We examined the influences of source reliability and information credibility on ratings using a 2 (source reliability: low, high) × 2 (information credibility: low, high) × 2 (set: 1, 2) × 4 (measure: use, accuracy, informativeness, trustworthiness) mixed ANOVA, wherein item set was the only between-participants factor. There were main effects of source reliability [F(1, 72) = 562.06, p < .001, ηG 2 = .51] and information credibility [F(1, 72) = 490.91, p < .001, ηG 2 = .48] such that ratings were higher when source reliability and information credibility were higher. There was also a main effect of information-quality measure [F(2.60, 187.33) = 4.43, p = .007, ηG 2 = .01] such that ratings were lowest for the accuracy measure and highest for informativeness. Source reliability and measure significantly interacted [F(2.58, 186.03) = 23.64, p < .001, ηG 2 = .04] such that the positive effect of high source reliability (vs. low source reliability) on ratings was largest for trustworthiness and smallest for informativeness. Information credibility and measure significantly interacted [F(2.68, 192.91) = 15.38, p < .001, ηG 2 = .03] such that the positive effect of high information credibility on ratings (vs. low information credibility) was largest for accuracy and smallest for trustworthiness. Finally, source reliability and information credibility also significantly interacted [F(1, 72) = 30.43, p < .001, ηG 2 = .03] such that the positive effect of information credibility was significantly larger for a high reliability source than a low one. No other main or interaction effect was significant [Fs < 3.57, ps > .060]. Importantly, as Figure 1 shows, the interaction effects reflect variations in the degree of the observed effects but not in the direction of those effects. In all cases, higher source reliability and information credibility were associated with higher information quality ratings.Footnote 3

Figure 1 Mean information quality rating (i.e., averaged across accuracy, informativeness, trustworthiness, and likelihood of use) as a function of source reliability and information credibility in Experiment 1. Error bars represent 95% bootstrap bias corrected and accelerated CIs using 10,000 samples.

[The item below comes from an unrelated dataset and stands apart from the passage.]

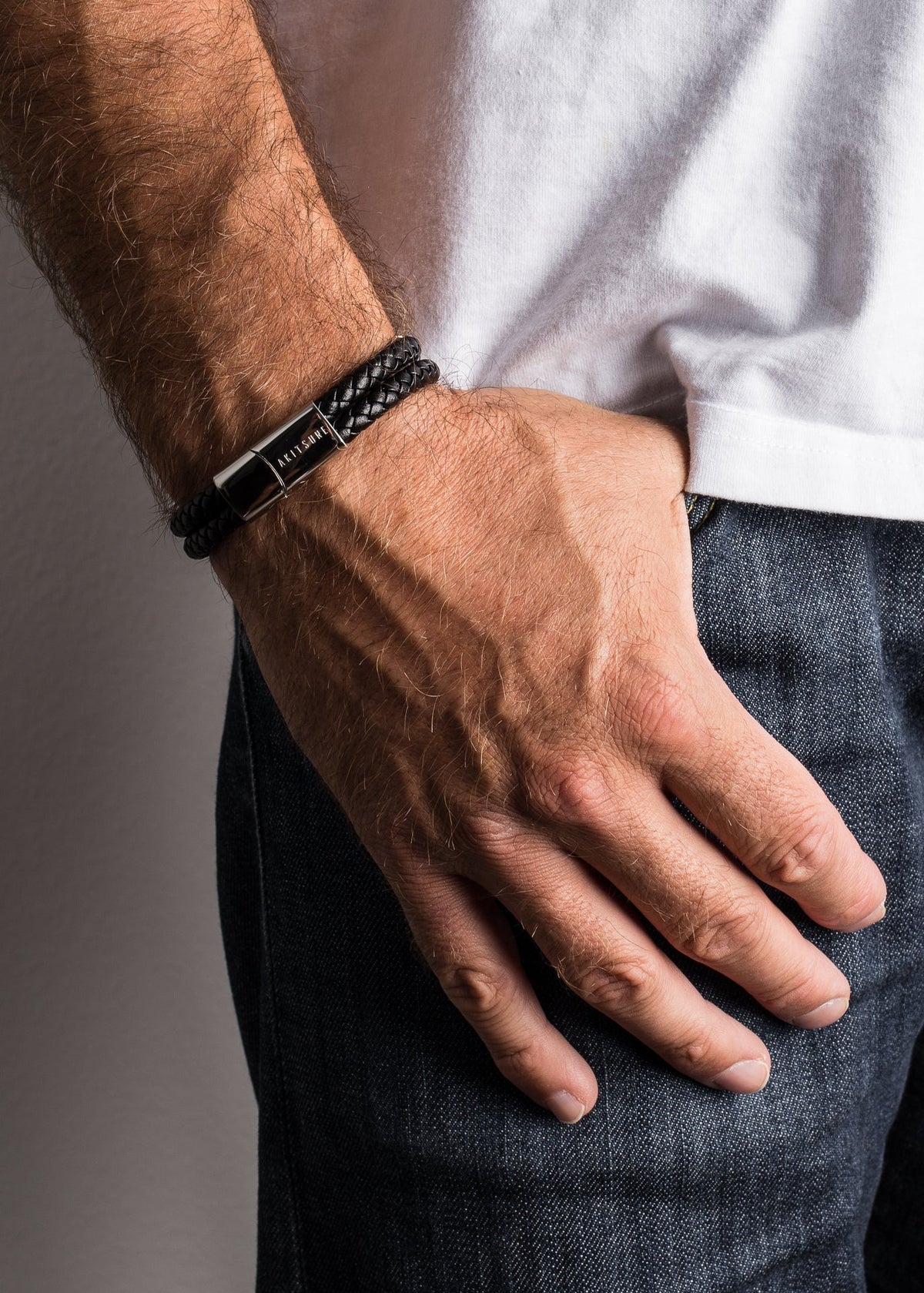 Gracilitas Leather Bracelet Silver - Black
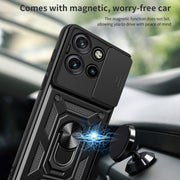 For Motorola Edge 50 Neo Sliding Camera Cover Design TPU+PC Phone Case(Black)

To explore whether source reliability and information credibility differed from one another in their influence on each information-quality measure, we compared 3 pairs of items that were complementary in terms of high/low source reliability and low/high information credibility. For example, A5 (highest source reliability and lowest information credibility) was compared to E1 (lowest source reliability and highest information credibility). The same was performed for A3 versus C1 (observations from item set 1), and C5 versus E3 (observations from item set 2). Table 3 presents the results of these paired comparisons for each dependent variable. Comparing A5 and E1, ratings for information accuracy were significantly higher for E1 than A5, indicating that information credibility was weighted more heavily than source reliability [t(73) = 2.30, p = .024, d = 0.27]. However, the comparisons between A3 and C1 and C5 and E3 showed no such significant effect for accuracy ratings [ts < 1, ps > .599]. In fact, when comparing within item pairs (A5 vs. E1, A3 vs. C1, C5 vs. E3) in their ratings for probability of using information and degree of informativeness, there was no evidence of a significant difference. The exception to this was trustworthiness ratings: in all 3 comparisons, the item with higher source reliability had higher ratings compared to the item with higher information credibility. That is, A5 was rated significantly more trustworthy than E1, A3 was rated significantly more trustworthy than C1, and C5 significantly more trustworthy than E3. Recall that participants were asked to judge the trustworthiness of the information rather than the source. These results suggest that when information quality is framed in terms of trustworthiness, greater weight will be given to the source even if directly information-relevant meta-information is provided.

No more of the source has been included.